**Extracted entries:**

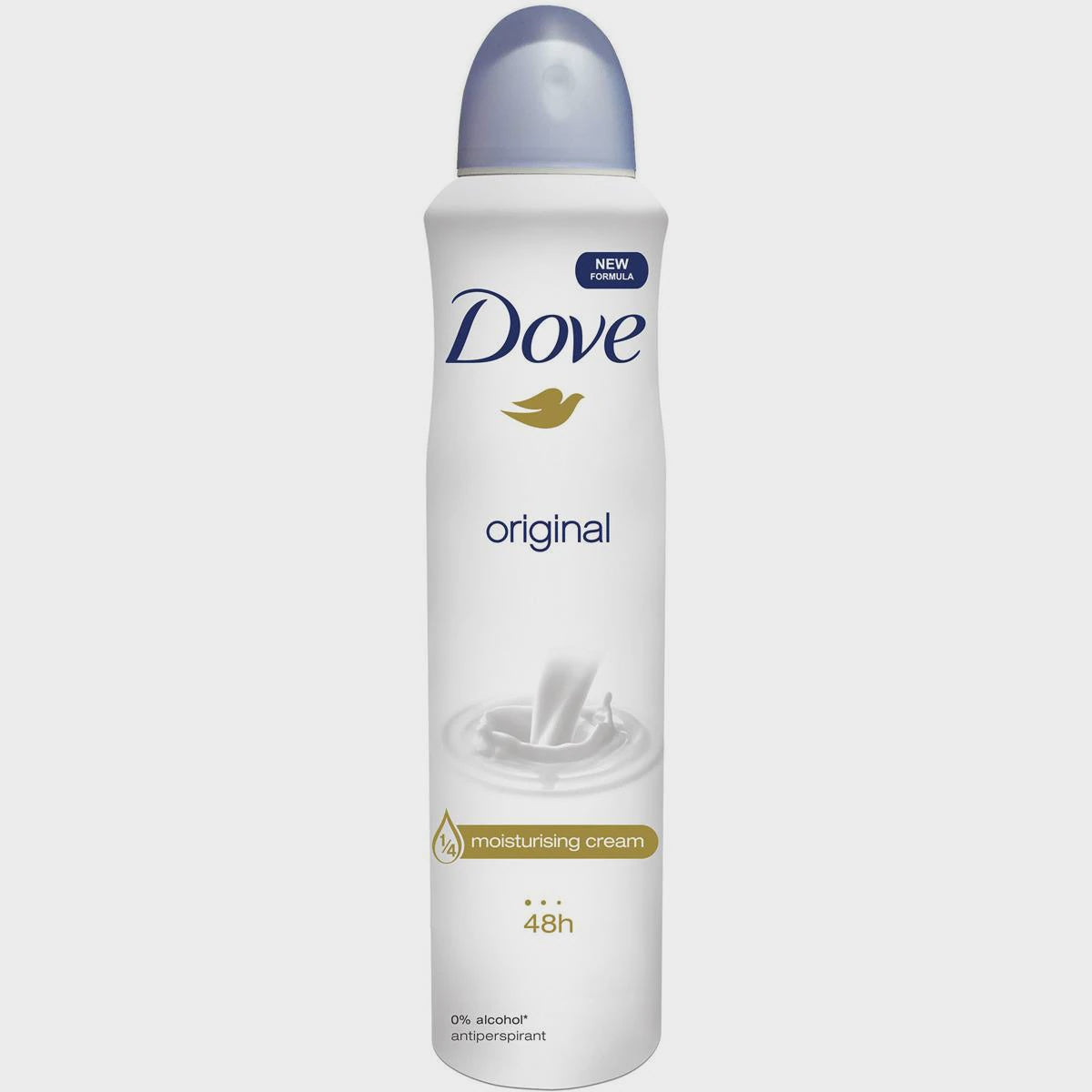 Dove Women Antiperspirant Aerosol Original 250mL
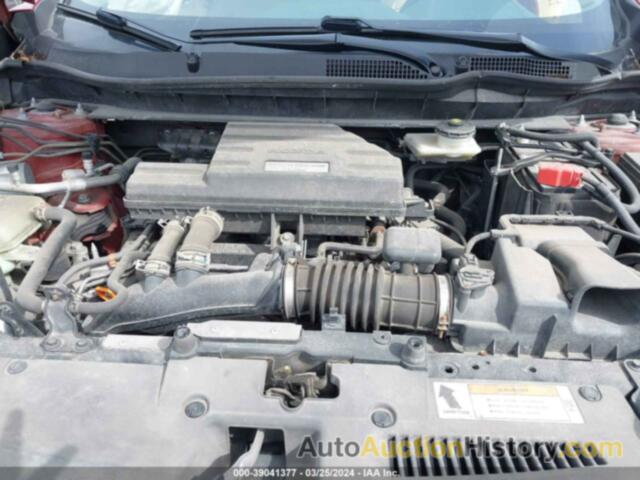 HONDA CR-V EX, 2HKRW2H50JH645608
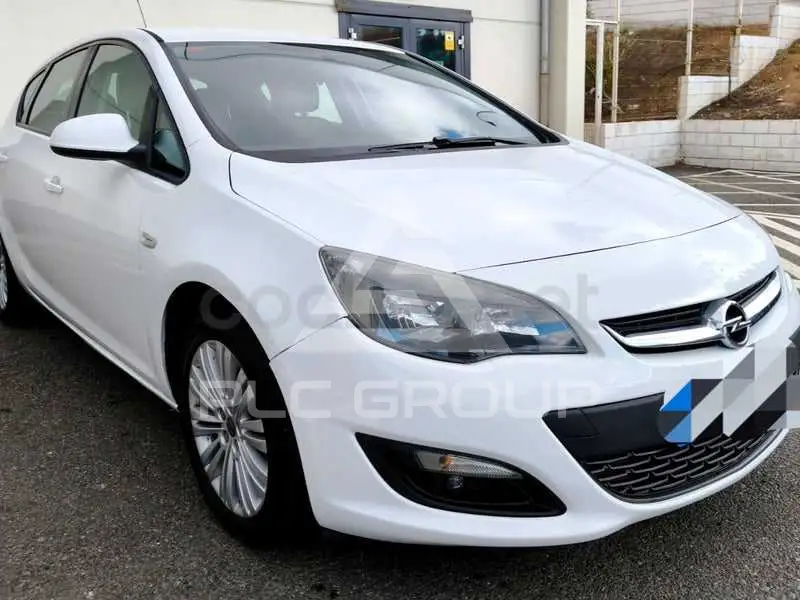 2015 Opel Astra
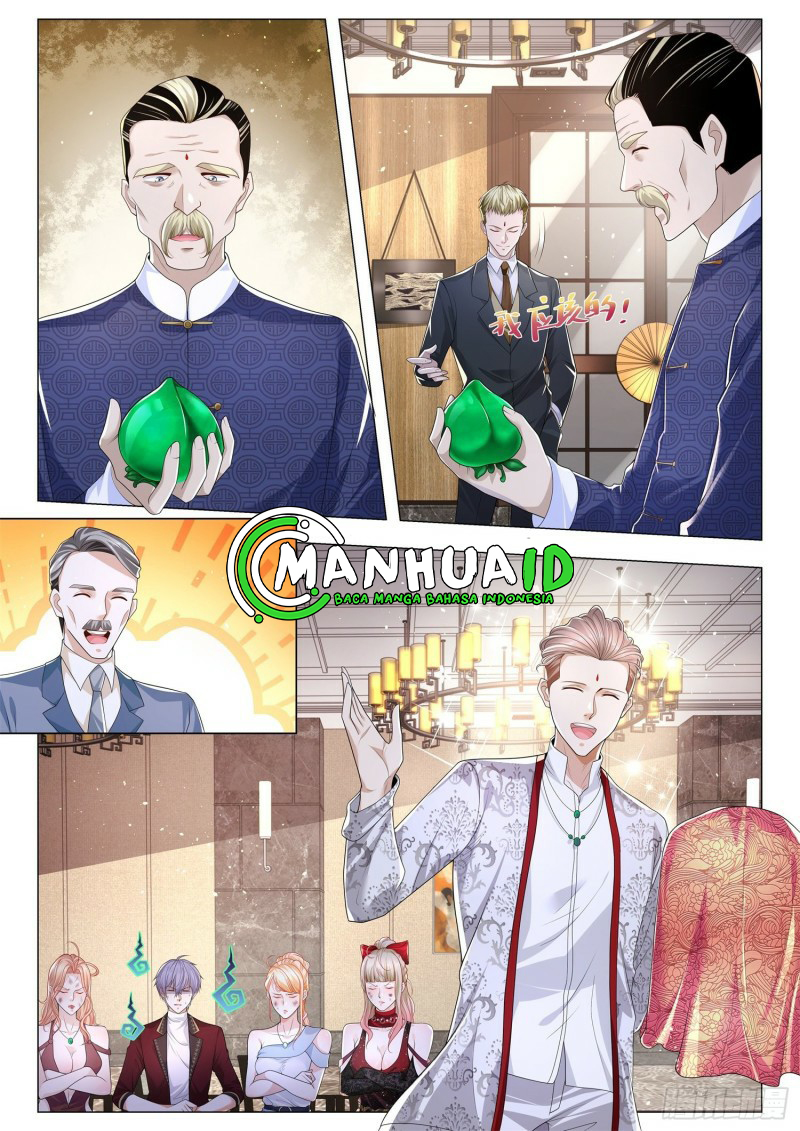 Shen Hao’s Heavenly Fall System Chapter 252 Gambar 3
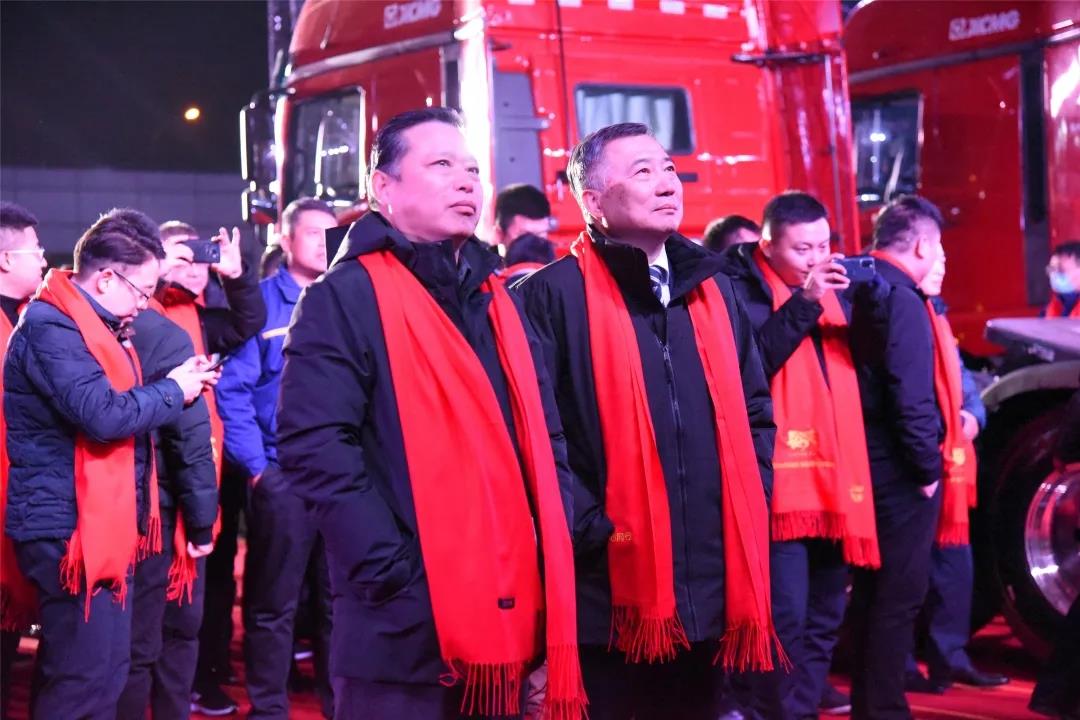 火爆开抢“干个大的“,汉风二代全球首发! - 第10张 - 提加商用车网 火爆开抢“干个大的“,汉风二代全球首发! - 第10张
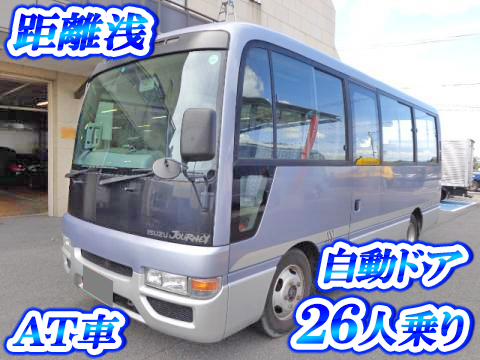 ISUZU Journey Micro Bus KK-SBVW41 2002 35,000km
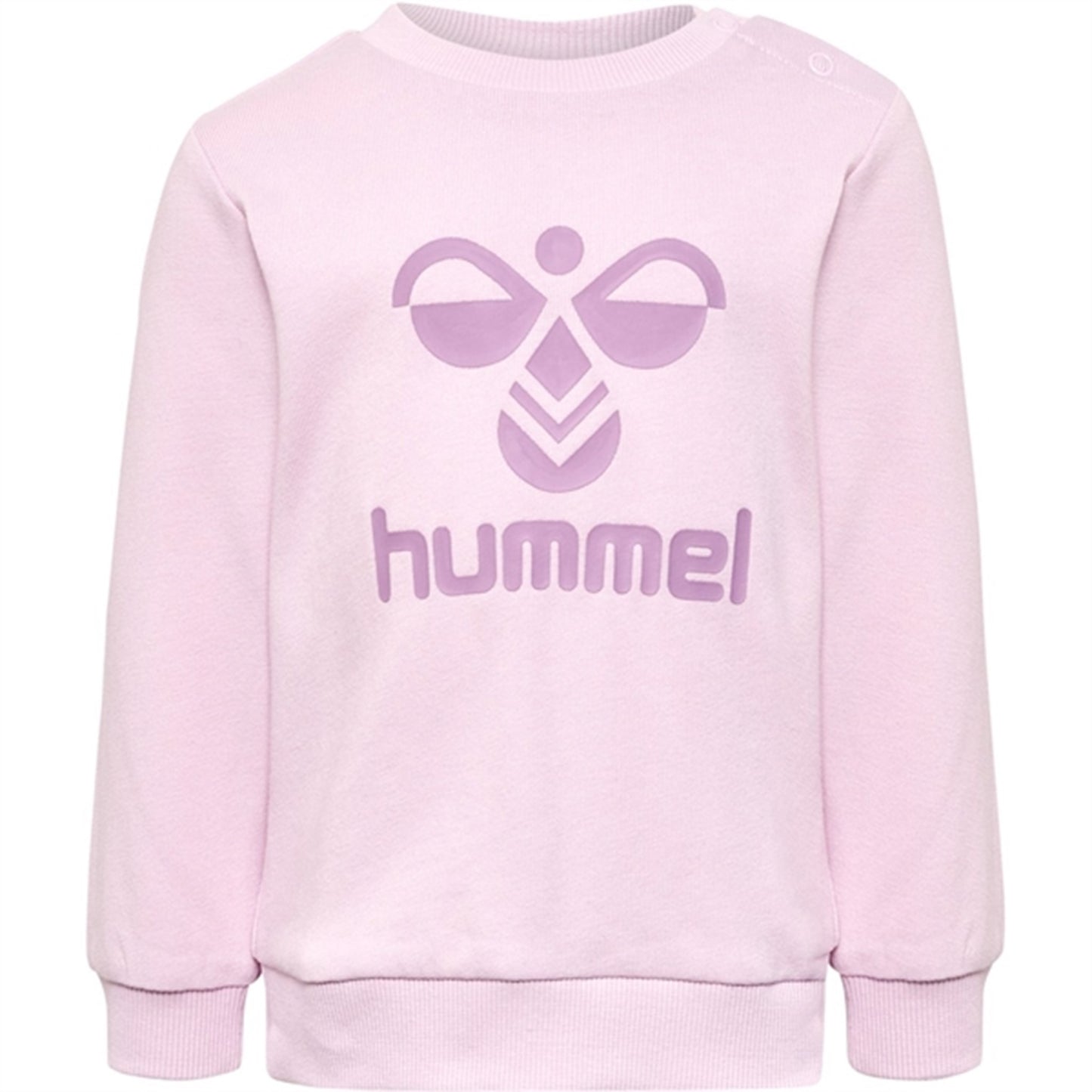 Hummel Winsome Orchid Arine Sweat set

**To do:**
Beginning with the line that holds "Shen Hao’s Heavenly", extract every line to the end of the material, exactly as it stands, and drop the pictures.

**Your solution:**
 Shen Hao’s Heavenly Fall System Chapter 252 Gambar 3
 火爆开抢“干个大的“,汉风二代全球首发! - 第10张 - 提加商用车网 火爆开抢“干个大的“,汉风二代全球首发! - 第10张
 ISUZU Journey Micro Bus KK-SBVW41 2002 35,000km
 Hummel Winsome Orchid Arine Sweat set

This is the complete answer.